Канал имени Москвы. Том 2 - стр. 6
На слабеющих ногах он добрался до окошка, распахнул его. Сделал глубокий вдох свежего озерного воздуха. Сразу стало легче, но только этот сиротливый холод не ушел насовсем.
«Наверное, вот и пробил мой час», – подумал брат Фекл. Посмотрел на огоньки трех свечей, что горели над раскрытым фолиантом. Понял, что у него слезятся глаза. Жизнь, как огонек, – сильна, но задуть ее ничего не стоит.
Брат Фекл быстро вернулся за свое рабочее место, ухватился за перо и принялся писать. Легкая дурнота, и высохла вся гортань… Писать. Быстро. Тезисами. Чтобы успеть как можно больше…
Перед глазами пошли круги, и теперь рука, держащая перо, становилась все менее послушной. Брат Фекл чуть отклонился, чтобы перевести дух, и, хоть боль, сжавшая виски и наполняющая голову какой-то ватной пустотой, не прошла, стало немного легче.
– Почему у сырости грибное зловоние? – повисло на раскаленном, как камень на солнце, языке.

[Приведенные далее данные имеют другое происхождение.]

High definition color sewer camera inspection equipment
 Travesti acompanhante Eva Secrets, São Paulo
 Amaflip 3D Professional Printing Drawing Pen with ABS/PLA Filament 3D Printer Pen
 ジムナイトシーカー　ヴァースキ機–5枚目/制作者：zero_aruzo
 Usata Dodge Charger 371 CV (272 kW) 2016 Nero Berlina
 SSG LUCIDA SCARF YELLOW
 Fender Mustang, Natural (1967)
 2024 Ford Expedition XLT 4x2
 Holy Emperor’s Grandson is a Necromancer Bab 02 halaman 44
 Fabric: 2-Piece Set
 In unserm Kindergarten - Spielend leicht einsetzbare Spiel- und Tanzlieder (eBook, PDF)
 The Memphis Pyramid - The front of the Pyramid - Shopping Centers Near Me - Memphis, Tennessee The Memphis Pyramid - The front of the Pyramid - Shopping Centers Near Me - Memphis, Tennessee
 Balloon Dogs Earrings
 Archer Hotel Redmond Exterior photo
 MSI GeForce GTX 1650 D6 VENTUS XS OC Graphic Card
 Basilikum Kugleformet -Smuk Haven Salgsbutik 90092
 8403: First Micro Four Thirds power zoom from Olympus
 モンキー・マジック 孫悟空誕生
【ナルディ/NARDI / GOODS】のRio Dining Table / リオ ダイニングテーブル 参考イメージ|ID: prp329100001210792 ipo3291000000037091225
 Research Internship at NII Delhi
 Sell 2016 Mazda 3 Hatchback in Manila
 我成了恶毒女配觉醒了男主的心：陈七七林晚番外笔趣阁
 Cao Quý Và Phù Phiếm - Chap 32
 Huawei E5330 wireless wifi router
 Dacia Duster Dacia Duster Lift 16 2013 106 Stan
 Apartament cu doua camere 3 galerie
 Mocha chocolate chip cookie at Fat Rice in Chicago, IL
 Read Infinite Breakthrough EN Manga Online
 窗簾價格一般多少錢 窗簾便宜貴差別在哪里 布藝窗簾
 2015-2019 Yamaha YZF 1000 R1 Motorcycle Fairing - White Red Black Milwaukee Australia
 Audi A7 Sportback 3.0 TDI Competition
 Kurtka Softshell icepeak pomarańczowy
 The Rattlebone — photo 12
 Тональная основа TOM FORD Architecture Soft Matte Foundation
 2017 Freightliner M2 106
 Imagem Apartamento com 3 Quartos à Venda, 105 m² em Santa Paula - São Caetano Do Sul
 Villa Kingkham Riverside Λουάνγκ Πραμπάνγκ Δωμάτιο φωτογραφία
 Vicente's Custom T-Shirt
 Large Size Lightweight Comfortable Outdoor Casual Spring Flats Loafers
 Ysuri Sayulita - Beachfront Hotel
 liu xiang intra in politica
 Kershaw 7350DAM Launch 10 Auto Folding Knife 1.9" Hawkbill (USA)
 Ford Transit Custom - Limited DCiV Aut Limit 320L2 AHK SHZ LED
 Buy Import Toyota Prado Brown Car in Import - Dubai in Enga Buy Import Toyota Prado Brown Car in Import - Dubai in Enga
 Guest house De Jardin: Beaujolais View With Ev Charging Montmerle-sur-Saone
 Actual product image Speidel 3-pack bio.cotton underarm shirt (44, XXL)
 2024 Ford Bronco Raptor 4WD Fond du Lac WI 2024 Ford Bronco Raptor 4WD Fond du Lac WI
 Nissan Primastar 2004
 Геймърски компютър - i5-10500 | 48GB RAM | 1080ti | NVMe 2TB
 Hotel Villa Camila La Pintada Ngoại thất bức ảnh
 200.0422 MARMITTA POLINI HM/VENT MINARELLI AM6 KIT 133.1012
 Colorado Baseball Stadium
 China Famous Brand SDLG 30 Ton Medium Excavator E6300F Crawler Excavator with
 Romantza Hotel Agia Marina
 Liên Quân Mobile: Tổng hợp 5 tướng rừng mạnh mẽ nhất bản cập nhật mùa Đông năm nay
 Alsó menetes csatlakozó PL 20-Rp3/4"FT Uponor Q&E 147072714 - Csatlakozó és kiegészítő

Брат Фекл поморгал. Буквы манускрипта дрожали, этот липкий воздух. Словно испарения от страниц…
И вдруг он все понял. Но только не мог поверить, что такое возможно. Этот бесценный экземпляр «Деяний Святых» вовсе не подвергся дурному хранению. И страницы древнего манускрипта потемнели совсем по другой причине. Брат Фекл вдруг печально улыбнулся, смущенно, беспомощно…
– Аква, – тихо прошептал он. – Кто теперь позаботится…
Вот чем были этот воздух, показавшийся липким, и сырость, исходящая от страниц. Его отравили. Книга пропитана ядом. Эссенция…
Брат Фекл схватил перо и свои страницы и бросился прочь, к раскрытому окну. Вот почему становилось легче, когда он удалялся от Книги. Но яд уже проник в кровь, уже делает свое дело; крепчайшая эссенция грибных спор, которая испаряется, быстро улетучивается при свете, и следов не останется.
Еще с этой сиротливой печалью, но уже и почти равнодушием брат Фекл вспомнил, как ему передавали Книгу, бережно завернутую в несколько слоев плотной материи.
– Возлюбленные братья, как же… – прохрипел брат Фекл. Слабо присел на краешек лавки, попытался разложить записи на ровной поверхности, глядя на расплывчатые буквы. Поднес к листу чернильное перо…
Его отравили. Убили, и обратного пути уже нет. Но, может, он успеет, успеет записать как можно больше. Не разоблачения, нет, а ту великую, простую и чудесную тайну, что успел узреть…
Однако брату Феклу больше не было отведено времени. Он словно стал давиться своим горячим распухшим языком. На краешке губ выступила пена, и, не успев вновь добраться до спасительного окна, возможно давшего хоть небольшую передышку, брат Фекл опрокинул лавку и рухнул на дощатый пол своей кельи.